Alaska State History
Summary of Alaska's state history - learn how this wildly, beautiful region became part of the United States. The first men to reach Alaska were from Russia. Vitus Bering and Aleksey Chirikov founded the barren and frozen region in 1741. Russian fur traders followed the explorers and established make shift camps. Grigori Shelekohv founded the first permanent settlement on Kodiak Island in 1784. From 1700 to 1817 the area was dominated by Aleksandr Baranov, who extended fur trade south to California.
The British American conflict ended in negotiated settlement of the southern boundary in 1824. The United States purchased Alaska in 1867 through the efforts of W. H Seward. Secretary of State Seward, who served from 1861 to 1869, aggressively pushed and expansive foreign policy. He developed a vision of an American empire stretching south in Latin America and west to the shores of Asia. Seward wanted Canada and Mexico, islands in the Caribbean as strategic bases to protect a canal across the isthmus, and Hawaii as well as other islands as stepping stones to Asia.

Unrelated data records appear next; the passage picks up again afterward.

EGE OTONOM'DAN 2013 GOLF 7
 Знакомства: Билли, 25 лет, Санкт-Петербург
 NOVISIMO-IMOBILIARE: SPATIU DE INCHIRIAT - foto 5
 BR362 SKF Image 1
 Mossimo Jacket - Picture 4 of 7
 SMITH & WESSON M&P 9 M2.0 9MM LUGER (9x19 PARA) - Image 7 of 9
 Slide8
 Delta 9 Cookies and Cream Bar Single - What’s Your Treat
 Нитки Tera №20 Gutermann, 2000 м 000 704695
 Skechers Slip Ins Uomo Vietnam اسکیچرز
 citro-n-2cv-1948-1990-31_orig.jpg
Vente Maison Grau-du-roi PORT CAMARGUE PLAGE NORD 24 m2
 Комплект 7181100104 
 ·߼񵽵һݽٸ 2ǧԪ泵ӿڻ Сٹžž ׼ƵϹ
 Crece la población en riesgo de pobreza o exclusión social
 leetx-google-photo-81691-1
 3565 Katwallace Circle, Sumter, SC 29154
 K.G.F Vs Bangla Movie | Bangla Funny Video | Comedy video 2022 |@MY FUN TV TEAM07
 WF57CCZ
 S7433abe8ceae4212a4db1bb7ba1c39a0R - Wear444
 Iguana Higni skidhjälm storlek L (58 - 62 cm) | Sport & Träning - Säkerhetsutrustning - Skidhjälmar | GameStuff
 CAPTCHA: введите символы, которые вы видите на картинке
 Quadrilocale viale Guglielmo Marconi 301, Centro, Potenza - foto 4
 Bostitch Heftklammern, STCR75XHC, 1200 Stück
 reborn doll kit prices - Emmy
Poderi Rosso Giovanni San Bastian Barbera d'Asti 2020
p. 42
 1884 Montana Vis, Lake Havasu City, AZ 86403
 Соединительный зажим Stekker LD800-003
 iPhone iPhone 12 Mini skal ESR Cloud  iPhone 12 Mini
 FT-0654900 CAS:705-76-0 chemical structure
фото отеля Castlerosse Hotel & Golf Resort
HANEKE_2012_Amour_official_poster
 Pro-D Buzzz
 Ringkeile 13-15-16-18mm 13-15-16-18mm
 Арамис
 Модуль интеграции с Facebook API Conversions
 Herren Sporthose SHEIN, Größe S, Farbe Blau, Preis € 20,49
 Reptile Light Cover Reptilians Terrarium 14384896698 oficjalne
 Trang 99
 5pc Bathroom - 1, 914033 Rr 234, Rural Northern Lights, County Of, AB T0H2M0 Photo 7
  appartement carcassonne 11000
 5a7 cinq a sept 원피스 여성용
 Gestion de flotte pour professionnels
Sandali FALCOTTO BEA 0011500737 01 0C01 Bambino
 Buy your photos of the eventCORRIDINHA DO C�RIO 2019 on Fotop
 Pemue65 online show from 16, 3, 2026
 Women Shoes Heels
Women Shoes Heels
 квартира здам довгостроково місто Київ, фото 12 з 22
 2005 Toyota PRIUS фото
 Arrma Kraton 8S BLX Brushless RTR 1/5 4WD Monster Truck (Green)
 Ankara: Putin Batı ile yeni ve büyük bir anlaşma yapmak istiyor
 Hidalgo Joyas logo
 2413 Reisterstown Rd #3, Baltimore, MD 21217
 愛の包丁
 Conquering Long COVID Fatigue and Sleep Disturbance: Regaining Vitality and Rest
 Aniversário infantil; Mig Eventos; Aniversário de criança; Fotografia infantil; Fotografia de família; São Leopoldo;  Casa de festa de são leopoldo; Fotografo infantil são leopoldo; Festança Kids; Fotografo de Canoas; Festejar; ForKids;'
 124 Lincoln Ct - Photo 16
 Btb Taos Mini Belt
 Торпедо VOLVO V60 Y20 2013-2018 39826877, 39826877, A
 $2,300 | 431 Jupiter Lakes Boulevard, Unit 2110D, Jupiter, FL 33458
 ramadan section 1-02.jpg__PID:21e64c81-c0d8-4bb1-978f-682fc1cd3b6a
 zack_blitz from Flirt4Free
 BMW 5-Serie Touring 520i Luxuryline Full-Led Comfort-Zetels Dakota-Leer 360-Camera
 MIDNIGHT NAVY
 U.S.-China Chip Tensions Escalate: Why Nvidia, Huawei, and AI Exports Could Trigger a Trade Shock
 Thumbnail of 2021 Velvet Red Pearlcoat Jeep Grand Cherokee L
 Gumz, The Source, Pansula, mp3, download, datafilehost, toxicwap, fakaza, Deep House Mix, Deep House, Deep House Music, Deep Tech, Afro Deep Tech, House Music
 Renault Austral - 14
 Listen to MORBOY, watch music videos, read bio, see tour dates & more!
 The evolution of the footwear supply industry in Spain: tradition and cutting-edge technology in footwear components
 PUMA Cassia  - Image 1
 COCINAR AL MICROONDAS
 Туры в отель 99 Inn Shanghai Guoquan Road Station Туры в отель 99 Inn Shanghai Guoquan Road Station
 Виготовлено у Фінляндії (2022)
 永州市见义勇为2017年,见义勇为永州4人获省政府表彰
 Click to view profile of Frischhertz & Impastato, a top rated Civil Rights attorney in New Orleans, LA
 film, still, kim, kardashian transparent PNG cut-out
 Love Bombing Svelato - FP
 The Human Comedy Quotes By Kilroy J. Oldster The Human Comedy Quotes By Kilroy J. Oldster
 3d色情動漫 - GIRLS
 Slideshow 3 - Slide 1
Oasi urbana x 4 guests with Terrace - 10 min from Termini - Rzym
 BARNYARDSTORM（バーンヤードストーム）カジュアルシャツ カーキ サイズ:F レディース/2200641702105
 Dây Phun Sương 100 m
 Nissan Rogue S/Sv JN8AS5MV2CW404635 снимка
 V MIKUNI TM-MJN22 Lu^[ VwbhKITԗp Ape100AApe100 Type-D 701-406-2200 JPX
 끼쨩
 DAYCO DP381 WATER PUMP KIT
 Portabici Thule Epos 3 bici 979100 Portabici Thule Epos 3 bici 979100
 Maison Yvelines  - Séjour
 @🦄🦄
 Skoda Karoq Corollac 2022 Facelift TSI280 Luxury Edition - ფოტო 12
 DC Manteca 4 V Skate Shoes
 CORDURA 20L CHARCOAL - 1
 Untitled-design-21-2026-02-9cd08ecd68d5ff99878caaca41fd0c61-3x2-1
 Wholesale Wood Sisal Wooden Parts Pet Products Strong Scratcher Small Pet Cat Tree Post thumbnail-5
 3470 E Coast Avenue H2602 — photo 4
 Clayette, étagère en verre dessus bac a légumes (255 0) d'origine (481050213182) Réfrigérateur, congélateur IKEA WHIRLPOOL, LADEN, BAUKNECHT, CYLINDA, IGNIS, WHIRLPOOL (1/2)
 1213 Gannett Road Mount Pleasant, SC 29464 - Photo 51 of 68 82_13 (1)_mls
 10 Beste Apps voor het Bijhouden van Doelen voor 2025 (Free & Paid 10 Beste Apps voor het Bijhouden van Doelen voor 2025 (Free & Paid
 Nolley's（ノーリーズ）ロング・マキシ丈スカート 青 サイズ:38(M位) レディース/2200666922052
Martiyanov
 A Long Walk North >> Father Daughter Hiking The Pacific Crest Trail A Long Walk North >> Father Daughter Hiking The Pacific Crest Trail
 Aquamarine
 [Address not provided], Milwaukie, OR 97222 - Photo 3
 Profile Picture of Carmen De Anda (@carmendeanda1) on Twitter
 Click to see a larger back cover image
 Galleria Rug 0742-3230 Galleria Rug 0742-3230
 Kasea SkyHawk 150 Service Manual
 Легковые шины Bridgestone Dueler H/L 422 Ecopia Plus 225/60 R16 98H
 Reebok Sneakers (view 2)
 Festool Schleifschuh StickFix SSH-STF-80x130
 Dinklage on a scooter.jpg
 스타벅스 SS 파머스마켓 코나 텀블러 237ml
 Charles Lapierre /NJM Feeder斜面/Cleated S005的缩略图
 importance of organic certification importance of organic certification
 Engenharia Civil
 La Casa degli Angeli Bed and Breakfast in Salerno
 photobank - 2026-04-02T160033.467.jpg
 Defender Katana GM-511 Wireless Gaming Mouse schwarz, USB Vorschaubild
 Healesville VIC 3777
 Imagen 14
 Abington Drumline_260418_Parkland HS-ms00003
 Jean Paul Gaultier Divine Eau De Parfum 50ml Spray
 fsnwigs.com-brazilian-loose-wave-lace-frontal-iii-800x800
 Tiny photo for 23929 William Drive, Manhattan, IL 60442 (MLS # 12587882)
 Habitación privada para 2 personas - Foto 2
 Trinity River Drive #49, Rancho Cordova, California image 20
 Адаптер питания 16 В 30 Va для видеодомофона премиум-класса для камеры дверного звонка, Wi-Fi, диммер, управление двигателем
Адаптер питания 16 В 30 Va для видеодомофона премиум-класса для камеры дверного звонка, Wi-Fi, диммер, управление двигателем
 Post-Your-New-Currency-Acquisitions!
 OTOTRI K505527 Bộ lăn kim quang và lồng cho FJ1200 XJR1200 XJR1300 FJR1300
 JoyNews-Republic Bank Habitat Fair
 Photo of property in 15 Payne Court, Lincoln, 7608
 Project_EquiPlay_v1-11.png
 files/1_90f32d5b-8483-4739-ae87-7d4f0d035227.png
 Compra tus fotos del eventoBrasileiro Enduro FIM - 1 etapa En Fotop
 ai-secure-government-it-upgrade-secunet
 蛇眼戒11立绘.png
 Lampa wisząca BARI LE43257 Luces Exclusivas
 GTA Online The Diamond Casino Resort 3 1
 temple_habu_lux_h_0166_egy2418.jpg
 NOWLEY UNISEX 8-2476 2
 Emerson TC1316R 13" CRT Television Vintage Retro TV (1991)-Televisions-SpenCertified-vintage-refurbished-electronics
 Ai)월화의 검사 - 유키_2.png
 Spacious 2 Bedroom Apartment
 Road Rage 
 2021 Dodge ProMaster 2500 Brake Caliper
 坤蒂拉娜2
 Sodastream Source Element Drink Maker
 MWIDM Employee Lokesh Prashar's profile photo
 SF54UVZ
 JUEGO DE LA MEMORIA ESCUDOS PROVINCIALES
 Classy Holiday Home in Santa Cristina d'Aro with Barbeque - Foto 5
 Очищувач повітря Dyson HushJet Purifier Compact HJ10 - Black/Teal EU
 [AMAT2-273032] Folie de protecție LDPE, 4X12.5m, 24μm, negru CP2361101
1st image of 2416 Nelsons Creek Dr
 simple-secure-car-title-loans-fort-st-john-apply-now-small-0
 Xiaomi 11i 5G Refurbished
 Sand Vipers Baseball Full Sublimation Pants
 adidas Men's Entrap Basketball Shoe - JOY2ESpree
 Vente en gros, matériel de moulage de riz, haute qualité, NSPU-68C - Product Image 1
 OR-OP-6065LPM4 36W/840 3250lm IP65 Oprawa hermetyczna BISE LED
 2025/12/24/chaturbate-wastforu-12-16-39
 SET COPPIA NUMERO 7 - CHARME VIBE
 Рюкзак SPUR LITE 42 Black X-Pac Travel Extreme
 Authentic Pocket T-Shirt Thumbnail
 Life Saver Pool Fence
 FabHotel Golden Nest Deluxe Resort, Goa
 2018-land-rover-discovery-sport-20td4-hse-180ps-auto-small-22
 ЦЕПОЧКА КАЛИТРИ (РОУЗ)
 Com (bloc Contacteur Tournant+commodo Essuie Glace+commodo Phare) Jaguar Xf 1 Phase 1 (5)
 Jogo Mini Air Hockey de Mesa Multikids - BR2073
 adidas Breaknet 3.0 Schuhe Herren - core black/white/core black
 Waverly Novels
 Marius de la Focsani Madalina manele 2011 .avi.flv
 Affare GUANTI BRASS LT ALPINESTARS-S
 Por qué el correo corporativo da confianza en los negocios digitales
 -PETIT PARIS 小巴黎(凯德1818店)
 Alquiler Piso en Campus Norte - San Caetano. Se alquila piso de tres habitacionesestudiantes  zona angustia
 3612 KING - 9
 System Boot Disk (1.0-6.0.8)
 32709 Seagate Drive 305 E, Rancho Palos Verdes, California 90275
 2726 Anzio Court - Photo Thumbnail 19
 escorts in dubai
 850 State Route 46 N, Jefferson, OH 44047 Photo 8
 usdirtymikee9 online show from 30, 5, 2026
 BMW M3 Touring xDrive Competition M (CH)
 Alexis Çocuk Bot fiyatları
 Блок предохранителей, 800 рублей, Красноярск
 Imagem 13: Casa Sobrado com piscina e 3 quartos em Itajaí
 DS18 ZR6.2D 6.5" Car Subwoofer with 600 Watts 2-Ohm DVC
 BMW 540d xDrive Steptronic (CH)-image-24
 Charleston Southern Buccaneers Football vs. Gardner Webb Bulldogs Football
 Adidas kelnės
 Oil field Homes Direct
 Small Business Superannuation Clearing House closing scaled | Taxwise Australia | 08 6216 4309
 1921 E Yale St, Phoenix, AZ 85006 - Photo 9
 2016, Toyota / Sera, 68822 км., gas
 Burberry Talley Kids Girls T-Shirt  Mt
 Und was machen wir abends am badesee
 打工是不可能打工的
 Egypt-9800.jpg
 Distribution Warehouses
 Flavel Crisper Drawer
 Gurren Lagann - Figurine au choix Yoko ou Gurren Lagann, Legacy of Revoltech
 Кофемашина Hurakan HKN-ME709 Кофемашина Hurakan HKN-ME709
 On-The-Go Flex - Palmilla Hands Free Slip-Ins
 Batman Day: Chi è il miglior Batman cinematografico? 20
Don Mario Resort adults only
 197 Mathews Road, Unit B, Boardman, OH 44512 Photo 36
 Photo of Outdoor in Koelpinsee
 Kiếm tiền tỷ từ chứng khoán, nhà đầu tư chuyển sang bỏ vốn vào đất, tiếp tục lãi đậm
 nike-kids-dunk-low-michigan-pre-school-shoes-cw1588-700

After trying unsuccessfully to negotiate a commercial treaty with Hawaii in 1867, the same year he annexed the Midway islands, he concluded a treaty with Russia for the purchase of Alaska partly to sandwich western Canada between American territory and lead to its annexation.
The first government was established in 1884 after gold was discovered in Juneau area. Gold strikes, including one in Nome in 1899 and Fairbanks in 1902 followed the 1896 Klondike strike and brought prospectors and adventurers to the area. The boundaries for Alaska were set in 1903.
Several islands owned by the USSR and United States near the Bering Straits created voyages that revealed a fur seal wealth. From the mid 18th century the unregulated slaughter of the animals soon threatened their extinction. Protection of the seals became the subject of the Bering Sea Fur-Seal Controversy in 1886. An international dispute broke out over open sea sealing and in 1893 a Court of arbitration declared against the United States claim to control all of the Bering Sea. Damages were paid to seized Canadian vessels and an international agreement gave the United States supervision of seal summering places in the Pribilof Islands. The agreement prohibited pelagic sealing and forbade altogether the killing of sea otters. For several years sealing stopped all together, but later resumed under careful restrictions. The Bering Sea Fur-Seal Controversy was settled in 1911. Alaska became part of the United States territory in 1912.
The Alaska area was strategic in Second World War. Improved transportation, defense bases and successful arctic farming have contributed to its rapid development. Alaska became the 49th state to join the Union in 1959. The Capitol is Juneau. Severe earthquakes in 1964 devastated a broad area of the state. The State Bird is the Willow Ptarmigan and the State Flower is the Forget Me Not.